まだ途上国の性格も併せ持つアジアの人々にとり、インフォーマル経済はよりよい暮らしへの有力な上昇経路となりうるが、「底辺への競争」に巻き込まれれば相対的貧困が拡大してしまう可能性もある。21世紀は確かにアジアの世紀だが、アジアの人たちの多くが、まだこうした世界で生きている。様々な制約の中で、知恵を絞って日々の糧を得ようとする、生存をかけた姿もそこにある。こうした多様で奥行きのある地域としてアジアを認識することは、現実感覚に根差したアジア経済観の醸成に不可欠である。」(第5章 もう一つのアジア経済)
前段が自己理解、つまり国内の変化を、アナロジーで理解できる箇所。後段が他者理解のための箇所です。前段の「タイのメーソート」とは、タイの輸出向けアパレル産業――労働集約的な縫製工程だけを担っていた――が「工程」「製品」「機能」のいずれでも高度化を果たせなかった結果、バンコクやその周辺から賃金の安い地方に工場が移転していき、最後はミャンマーとの国境沿いの街メーソートに集積したという話です。しかしそこで働くのはもはや賃金水準の上昇したタイ人ではなく、川を隔てた対岸のミャンマーから毎日船に乗って働きに来る労働許可証なしのミャンマー人と、ビザなしでメーソートに居住するミャンマー人でした。
これと同型のことが日本でも、外国人技能実習生や留学ビザで働きに来る外国人労働者でやっと成り立っている分野で起こっています。そして日本人の間でも、「高度人材」との対比でそういう言い方になるであろうところの低・中度人材が、派遣などいわゆる非正規雇用に集積し、国内格差が広がっています。「川を隔てた対岸」が暗喩におさまっているうちに当該分野の高度化を実現すべきです。
そして後段の引用については、「現実感覚に根差したアジア経済観の醸成に不可欠」の部分を、「現実感覚に根差した他者理解としてのアジア観の醸成に不可欠」と読み換えることができるはず。

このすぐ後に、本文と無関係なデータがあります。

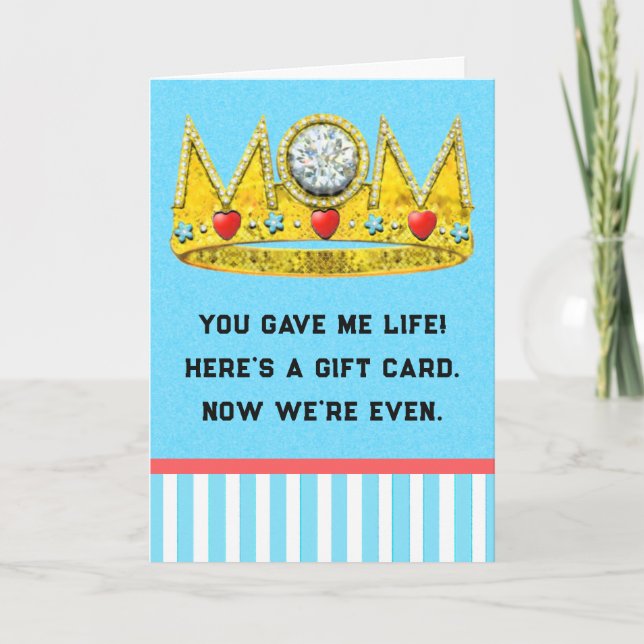 Carte Anniversaire drôle (Devant)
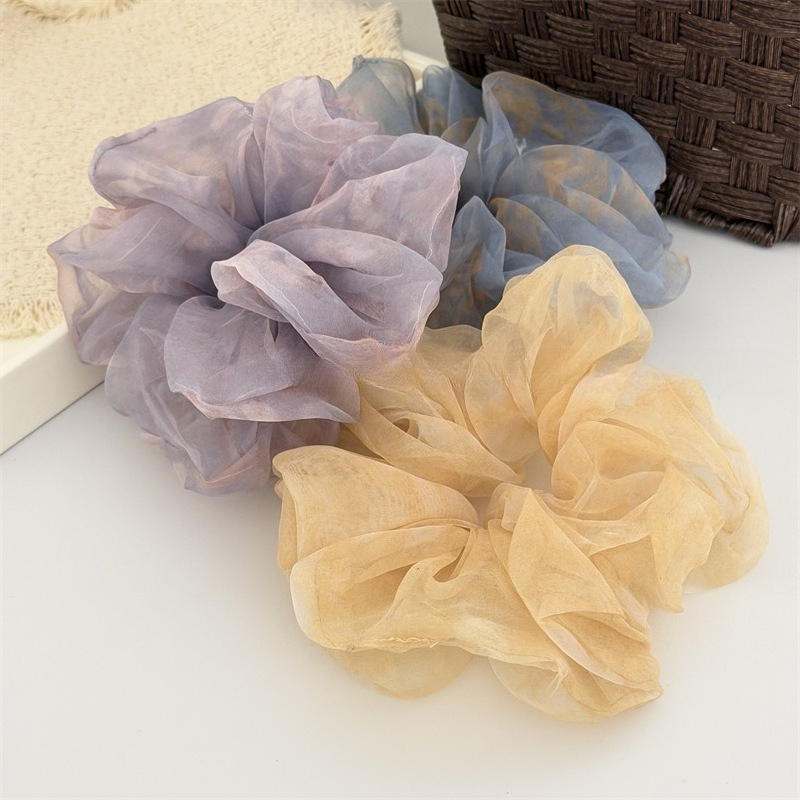 Travel Accessories Aesthetic - 1 Unidade de Elásticos de Cabelo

私たちのアジア観は他者理解ベースになっているでしょうか。なっているとして、その理解は偏見やヘイトではない現実感覚に、根差しているでしょうか。自国の戦後史もまともに教えない国で――自己理解の背骨がない国で――国民に他者理解が醸成されるとは思えません。そして他者理解が醸成されないということは、自己理解において内なる他者を包摂できないということです。川の対岸を許すことができなければメンタルを病みます。メンヘラが増えるのも当然だと思います。

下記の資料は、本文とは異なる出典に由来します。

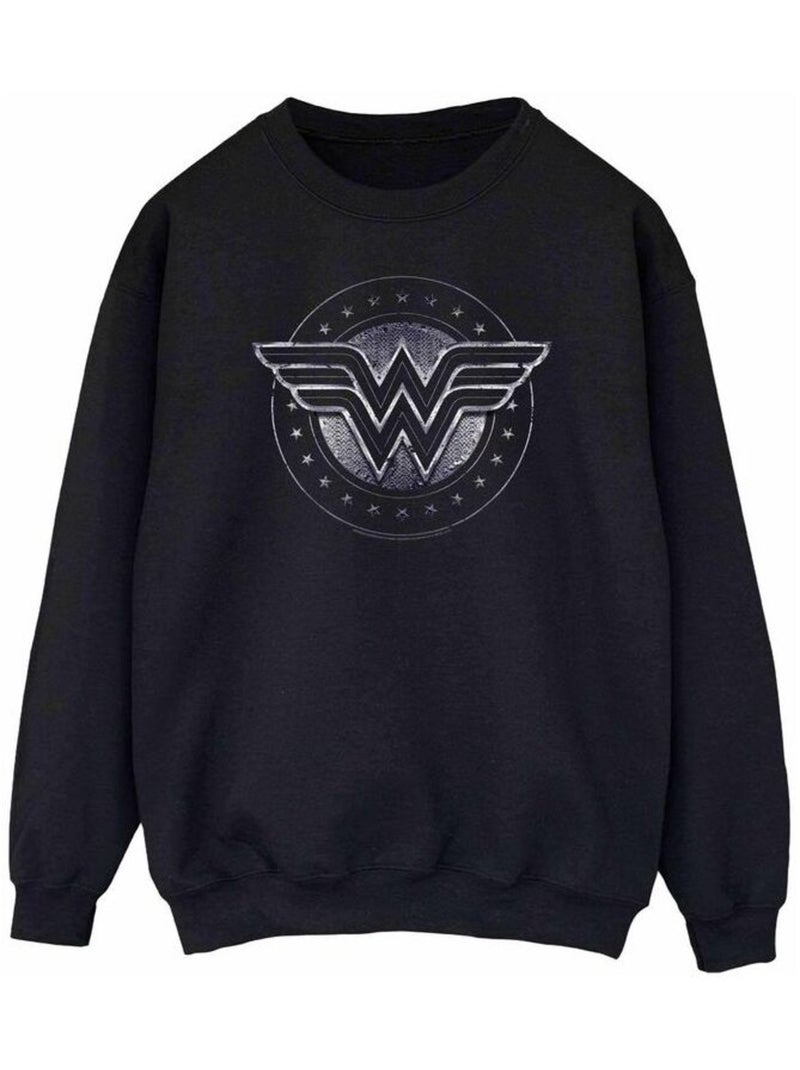 DC Comics - Sweat Noir - Kiabi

そのように考えると、せめて祖型なりともアジアおよびアジアの隣人たちについての他者理解を深めることは、大きな意義があると思います。本書は「経済」を切り口としてそれを助けてくれる一冊です。副題の大仰さにアレルギーを感じた人も、帯の「日本はなぜ後退したのか」のコピーに「またか」とうんざりした人も、いったんその印象は脇において、読んでみてはいかがでしょうか。